• **Data section**:

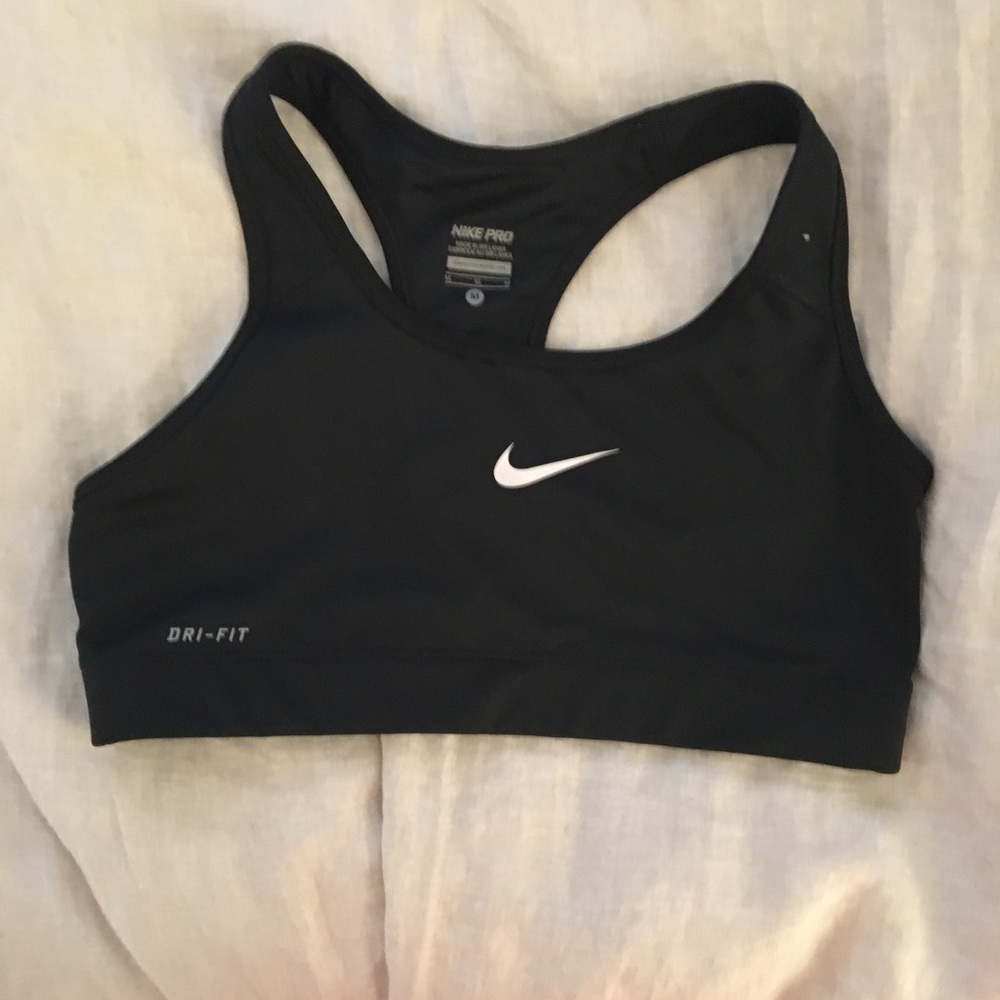 black nike dry fit sports bra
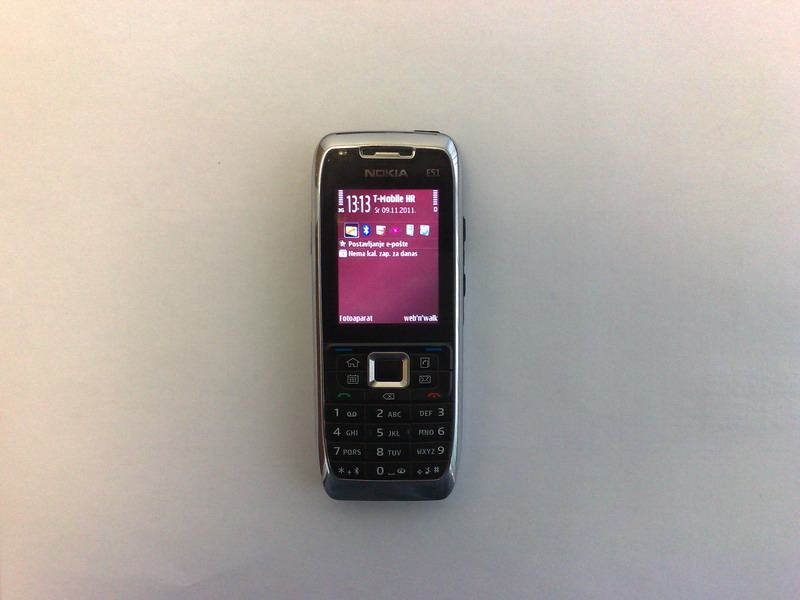 E51 nokia нет подсветки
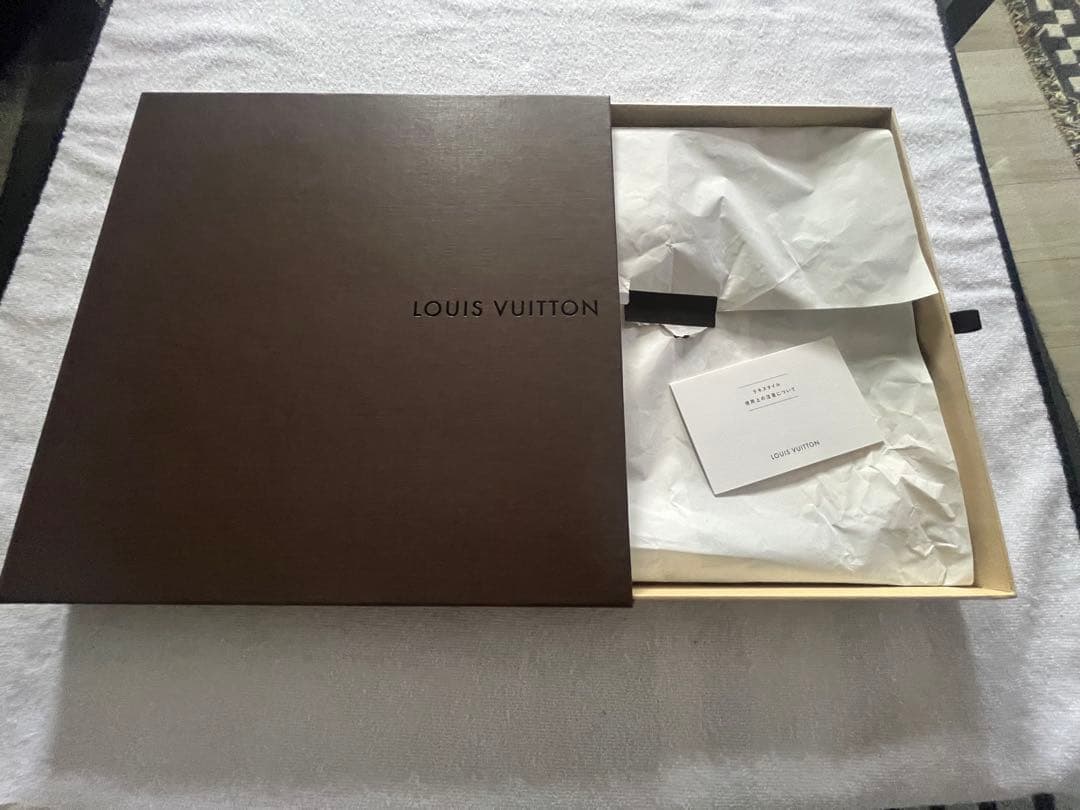 LOUIS VUITTON 幾何学模様 ハンカチ 約50cm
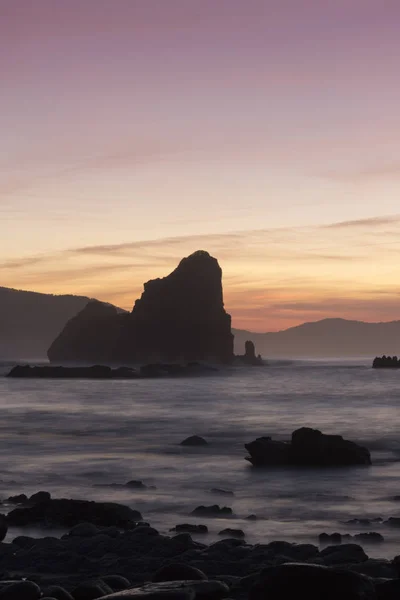 日没時の岩 — ストック写真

• **Aim of the exercise**:
All of the listing above must be output exactly, except for its pictures.

• **Result for this exercise**:
 black nike dry fit sports bra
 E51 nokia нет подсветки
 LOUIS VUITTON 幾何学模様 ハンカチ 約50cm
 日没時の岩 — ストック写真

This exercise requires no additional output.